EXERCISE PROMPT
Please transcribe the data that follows exactly as given, leaving out every picture.

DATA EXTRACT
- - -

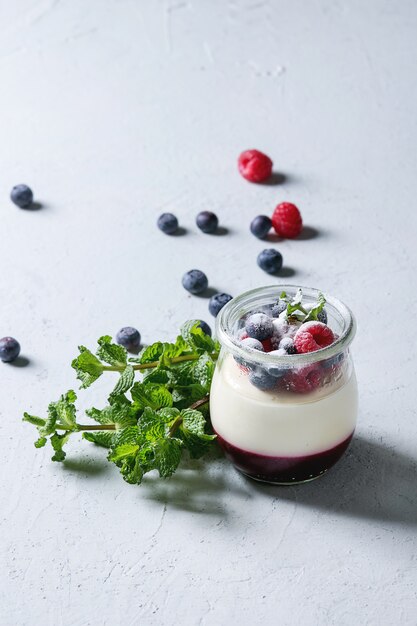 Panna cotta met bessen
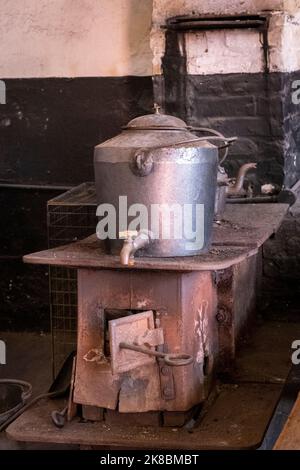 The National Slate Museum sits below Dinorwic Slate Quarry, situated between the villages of Dinorwig and Llanberis, Snowdonia, North Wales, UK Stock Photo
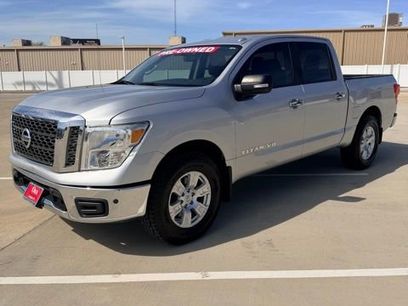 Used 2018 Nissan Titan SV w/ SV Convenience Package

- - -

YOUR SOLUTION
 Panna cotta met bessen
 The National Slate Museum sits below Dinorwic Slate Quarry, situated between the villages of Dinorwig and Llanberis, Snowdonia, North Wales, UK Stock Photo
 Used 2018 Nissan Titan SV w/ SV Convenience Package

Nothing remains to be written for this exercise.